| DIRECTIONS |
Whatever pictures the entries hold, omit them, and output exactly the lines from the one containing "dorm sweet dorm" through the final line.
+--
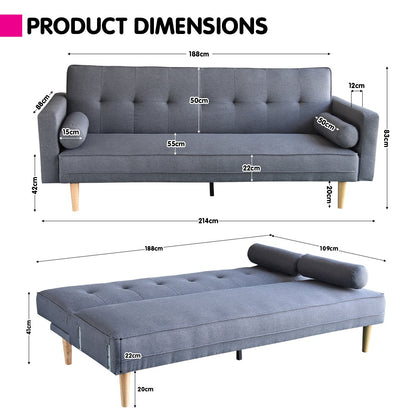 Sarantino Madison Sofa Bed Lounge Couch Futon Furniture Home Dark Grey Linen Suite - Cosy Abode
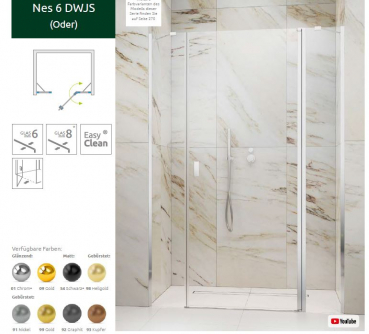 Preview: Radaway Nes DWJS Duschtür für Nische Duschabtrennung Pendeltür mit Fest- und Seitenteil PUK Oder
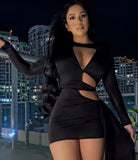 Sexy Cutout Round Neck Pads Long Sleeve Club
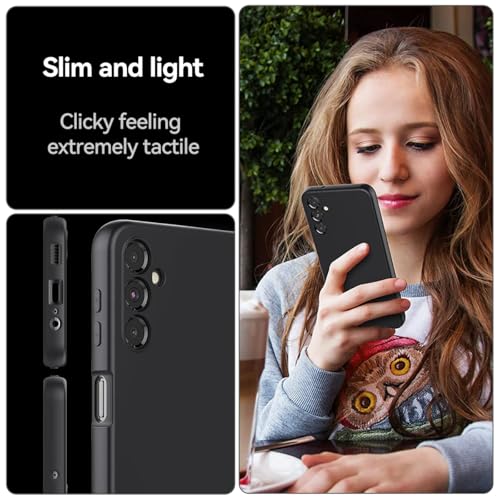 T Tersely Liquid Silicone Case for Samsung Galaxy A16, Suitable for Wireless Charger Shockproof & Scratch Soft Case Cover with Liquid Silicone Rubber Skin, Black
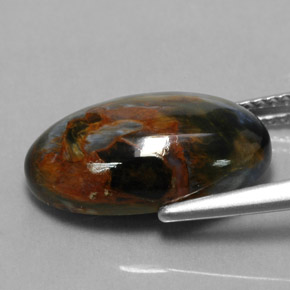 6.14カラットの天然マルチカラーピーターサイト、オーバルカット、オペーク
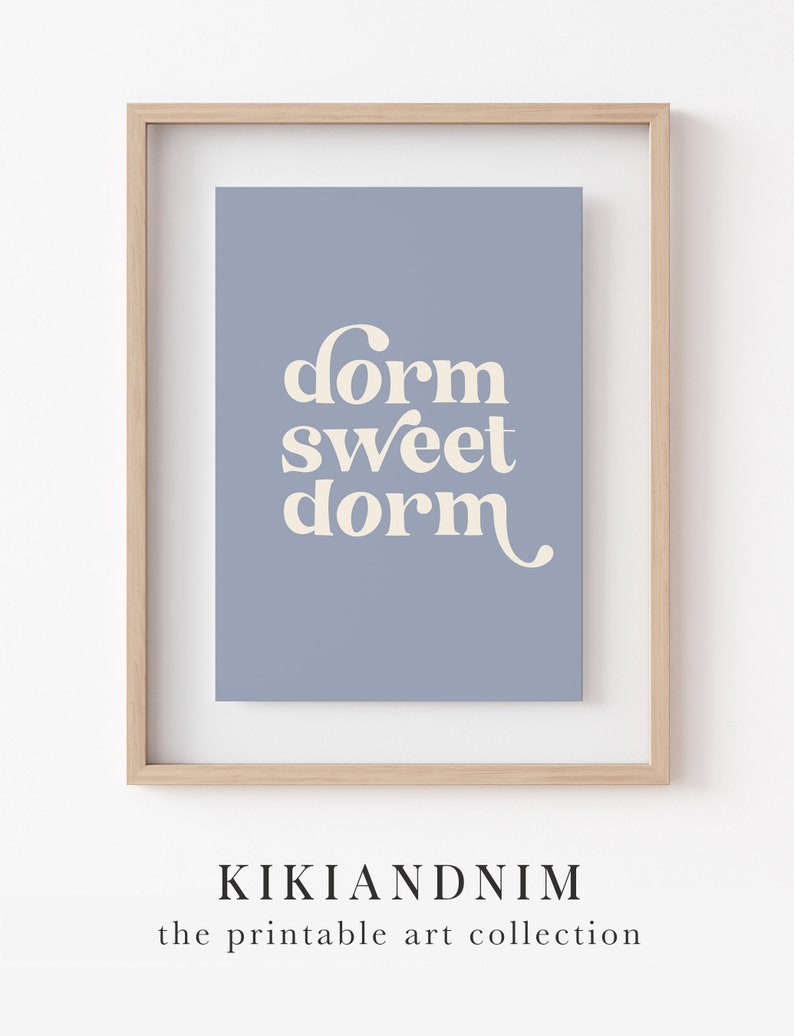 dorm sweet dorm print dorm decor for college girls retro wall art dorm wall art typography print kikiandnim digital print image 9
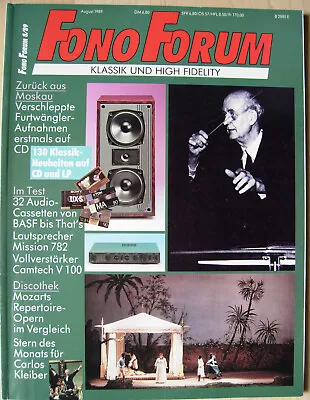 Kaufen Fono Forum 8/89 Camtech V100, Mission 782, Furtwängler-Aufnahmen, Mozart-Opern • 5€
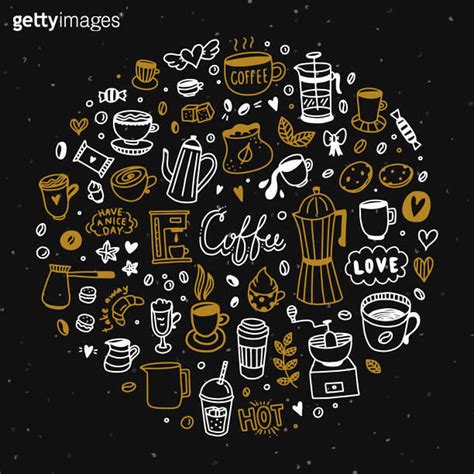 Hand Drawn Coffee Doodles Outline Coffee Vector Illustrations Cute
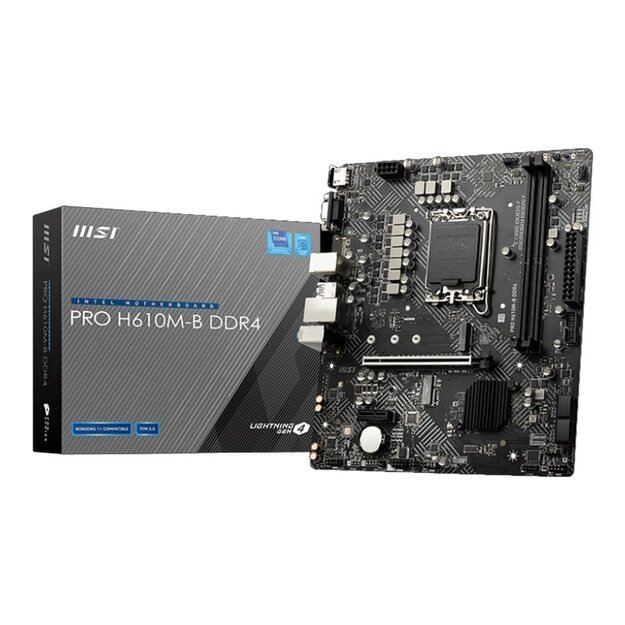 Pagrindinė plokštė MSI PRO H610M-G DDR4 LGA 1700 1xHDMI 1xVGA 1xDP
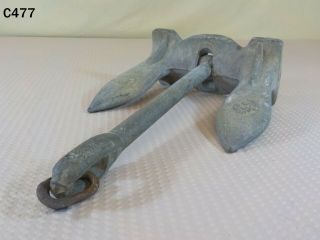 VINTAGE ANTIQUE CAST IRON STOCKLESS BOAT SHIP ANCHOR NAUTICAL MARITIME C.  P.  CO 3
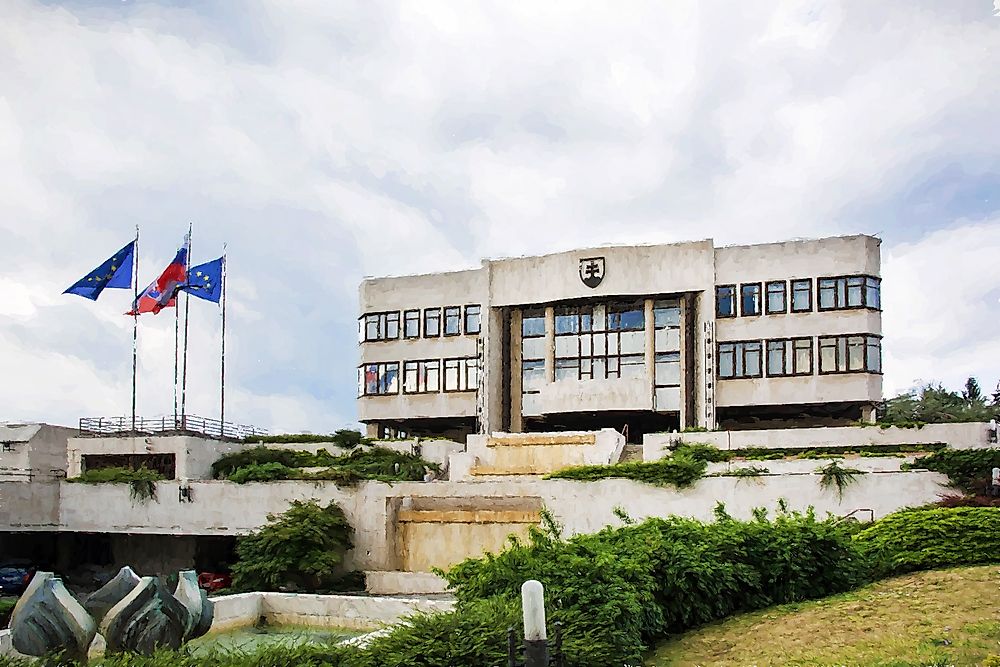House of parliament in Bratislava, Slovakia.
+--
| REPLY TO THE EXERCISE |
 dorm sweet dorm print dorm decor for college girls retro wall art dorm wall art typography print kikiandnim digital print image 9
 Kaufen Fono Forum 8/89 Camtech V100, Mission 782, Furtwängler-Aufnahmen, Mozart-Opern • 5€
 Hand Drawn Coffee Doodles Outline Coffee Vector Illustrations Cute
 Pagrindinė plokštė MSI PRO H610M-G DDR4 LGA 1700 1xHDMI 1xVGA 1xDP
 VINTAGE ANTIQUE CAST IRON STOCKLESS BOAT SHIP ANCHOR NAUTICAL MARITIME C.  P.  CO 3
House of parliament in Bratislava, Slovakia.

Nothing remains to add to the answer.